Production Assets: Data Management
The verification and back-up of data, including original camera files (OCF) and audio, throughout a workflow is crucial. Data loss can mean losing significant investment both in planning and shooting. Our requirements are designed to help minimize costly incidents during production.
There are multiple ways to manage your data backup and verification workflow. Below are critical requirements.
3 : 2 : 1 Back-Up Rule
- Hold at least 3 copies of all Original Camera Footage (OCF) and audio at all times.
- Store the copies on at least 2 different types of media.
- Maintain at least 1 backup offsite.
- 3 copies:
- Camera Media
- RAID 1, 5, 6 or 10
- 2 types of media:
- RAID 1, 5, 6 or 10
- 1 different location (geographic separation):
- One copy of media at the Production House and one copy of media at the Post House.
Please Note: RAID must be connected to computer by a hardware RAID controller. Software based RAID should not be used.
Acceptable Final Archival Formats
- LTO tapes (LTO6, LTO7, LTO8; written in LTFS format).
- Netflix's Content Hub (cloud storage).
- High-Speed RAID(1/5/6/10)-protected external hard drive. (Pending Netflix Approval)
Please Note: RAID 0 is only acceptable for temporary transfer/shuttle drives, and not for backup purposes.
- Camera footage must be visually inspected for possible recording or data transfer issues, referencing camera reports with scene/take information and script notes.
- Visual check is ideally done at real time playback, if possible.
- Visual QC should be performed at a minimum image resolution of 3840x2160 in order to best identify visual artifacts (e.g. dead pixels, moire, etc.)
- When editorial proxies created from the original camera footage are available, a visual verification is required to ensure that all scenes/takes are transferred and accounted for.
What are checksums?
A checksum is like a digital fingerprint of a file -- it is used to identify any type of file as if you were taking its fingerprint.
To generate a checksum, software reads the data from the file and pushes it through an algorithm. This process looks at the actual digital bits (1’s and 0’s) making up the file and spits out a value, typically referred to as a hash. Hashes are represented as a string of numbers and letters. For example, the MD5 hash of the word “checksum” is:
Checksums are incredibly valuable for detecting the slightest change in a file, which can occur at any point during transfer or storage.

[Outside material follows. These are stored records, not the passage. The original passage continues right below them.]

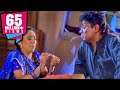 Aamdani Athanni Kharcha Rupaiya Best Comedy Scene Bollywood Superhit Comedy Scenes Johnny Lever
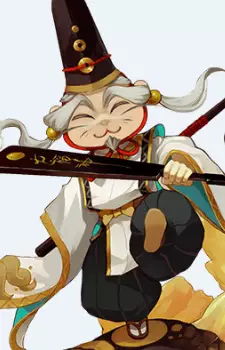 Gambar Karakter Anime: Ebisu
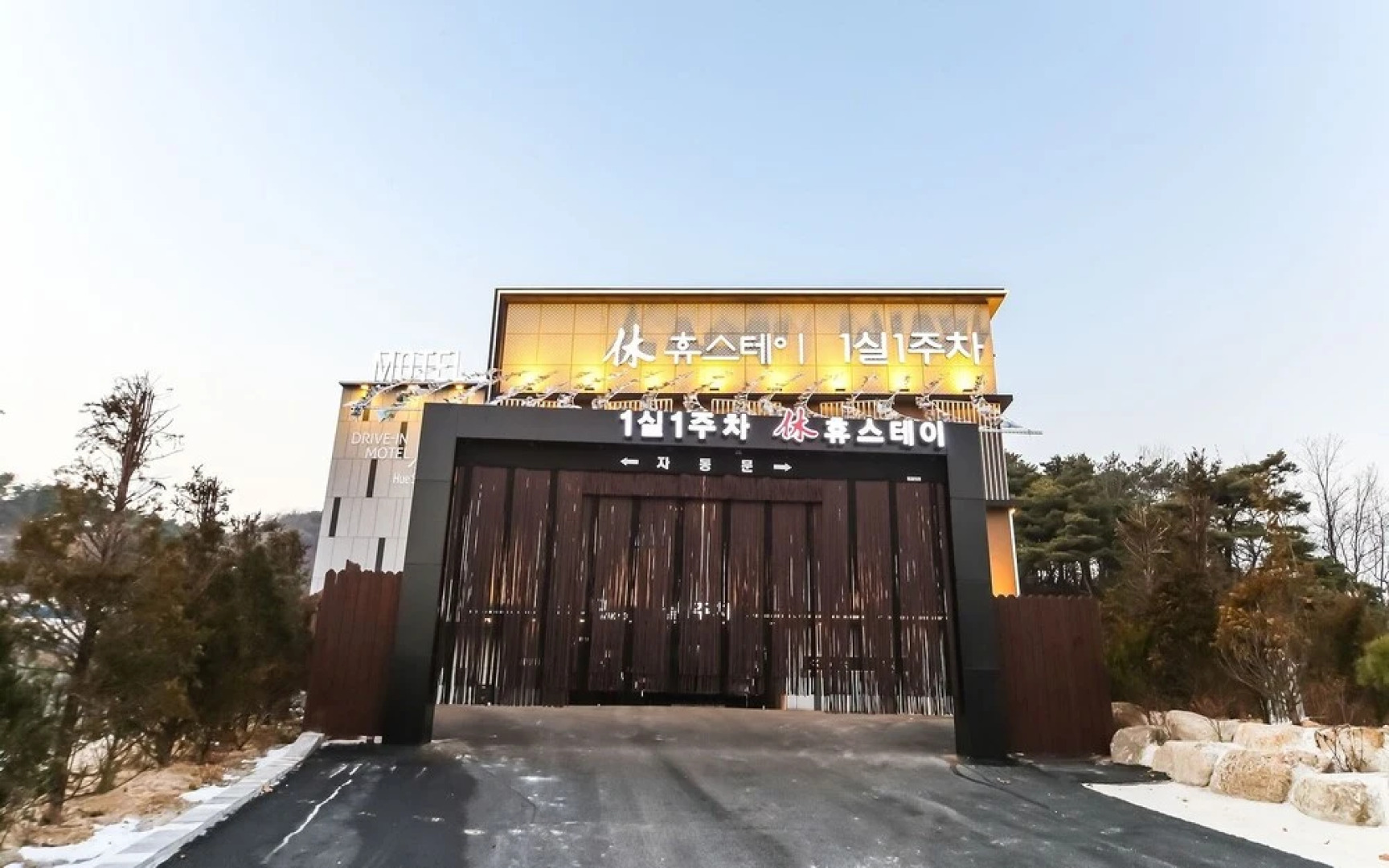 Yeongju Hue Stay Self Check-in Motel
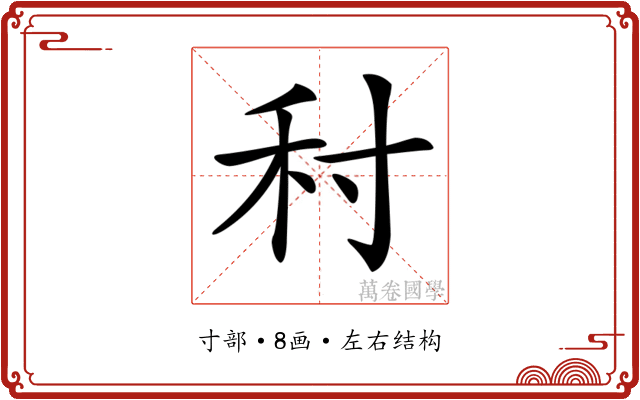 𡬟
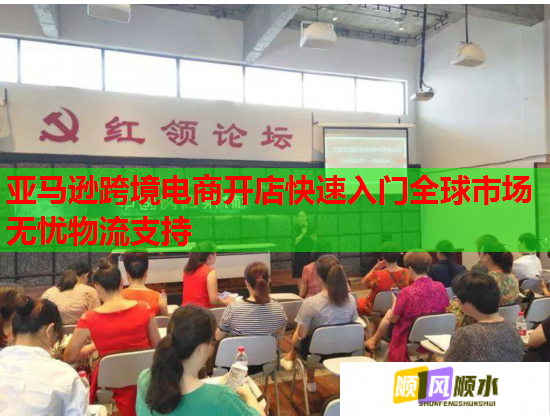 亚马逊跨境电商开店快速入门全球市场无忧物流支持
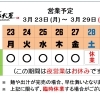 3 /  22 (月) ～ 3 / 29 (日)  営業予定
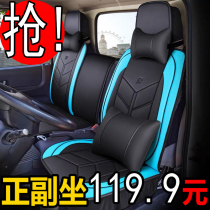 Dongfeng Tianjin kr seat cover Dolika d6d9d5d7 Capt k6 Furika Jiayun Tianlong truck seat cushion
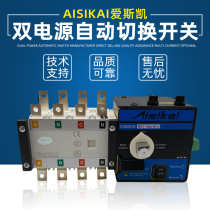 AISIKAI eskei generator set controller intelligent ATS dual power SKT1-630 4p toggle switch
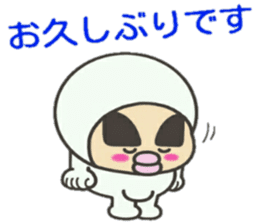 KUNIKUN Japanese boy sticker #11972584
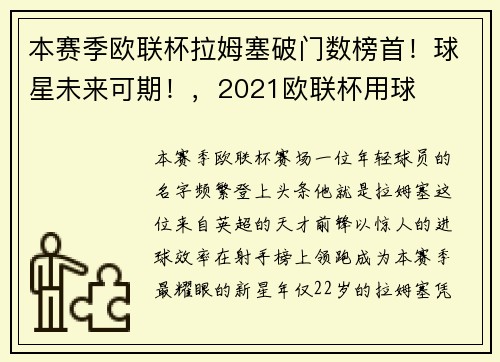 本赛季欧联杯拉姆塞破门数榜首！球星未来可期！，2021欧联杯用球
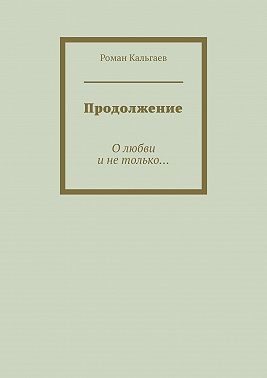 Продолжение. О любви и не только…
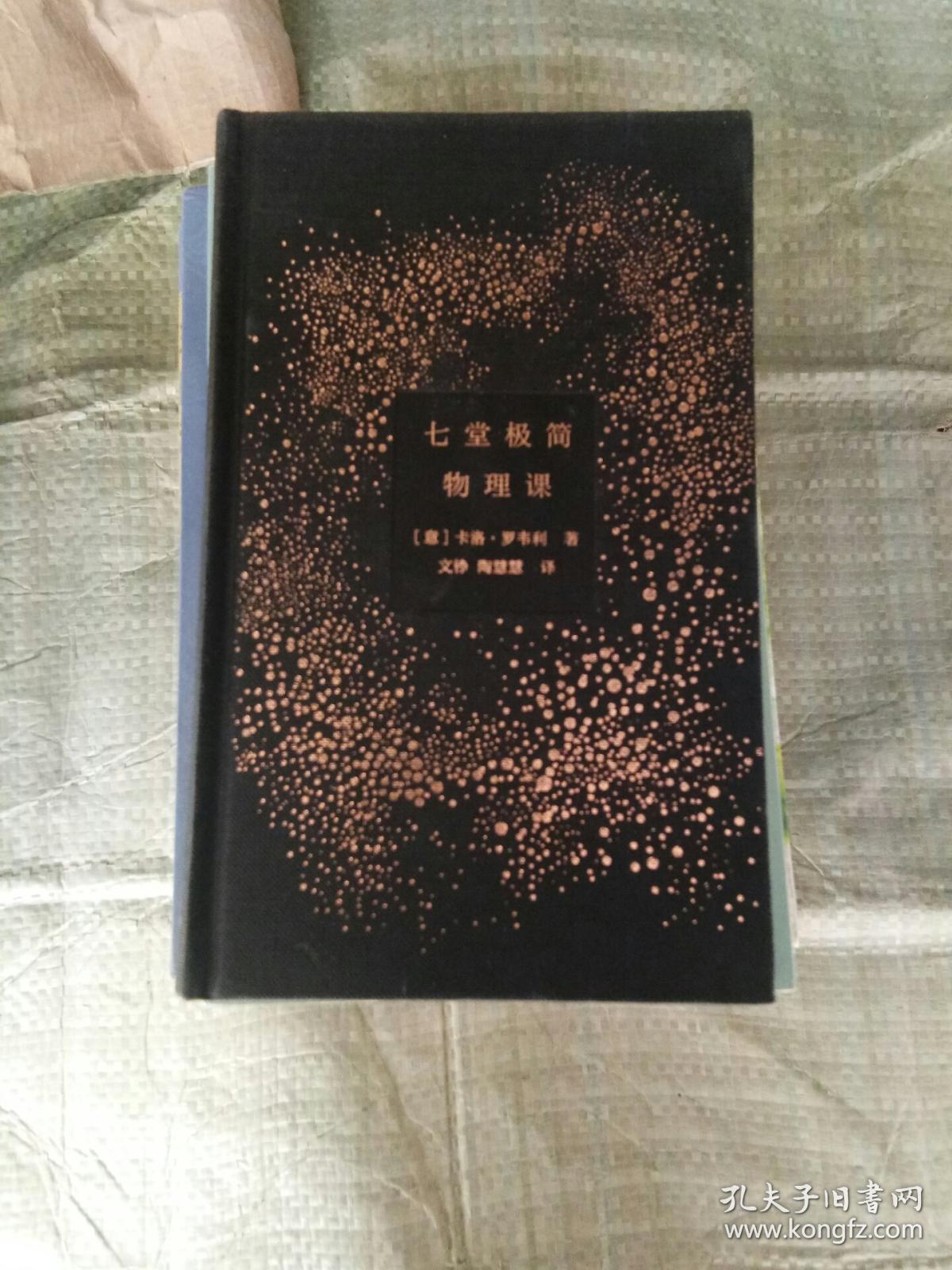 七堂极简物理课 精装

For example, if a movie file is corrupted during an upload from a hard drive to a server, the checksum of the copied file would differ from the checksum of the original movie file -- even if a single bit is off. This comparison is referred to as checksum verification.
Checksum Verification Overview
In filmmaking practice, checksums are used to ensure the original camera media is completely unaltered in its journey from the camera all the way to final delivery and archival. The “hero checksums” are initially generated for the footage directly recorded by the camera. Whenever the media is transferred, such as from a camera card to a hard drive, a verification process runs the same checksum algorithm on the copied files. The verification cross-checks the results with the hero checksums. If these all match, then then the copied media is considered to be successfully verified.
Netflix-Supported Checksum Types
Netflix currently supports a few checksum types for delivery. Different checksum algorithms, or hash functions, generate different types of checksums. A hash function reads in data of any size and calculates the hash based on the file’s data.
Currently, the Netflix delivery pipeline supports the following checksum types:
MD5 is a cryptographic hash, which essentially means it was designed to encrypt data for security purposes. This encryption method has been utilized as a checksum method due to the wide variety of hashes it can generate.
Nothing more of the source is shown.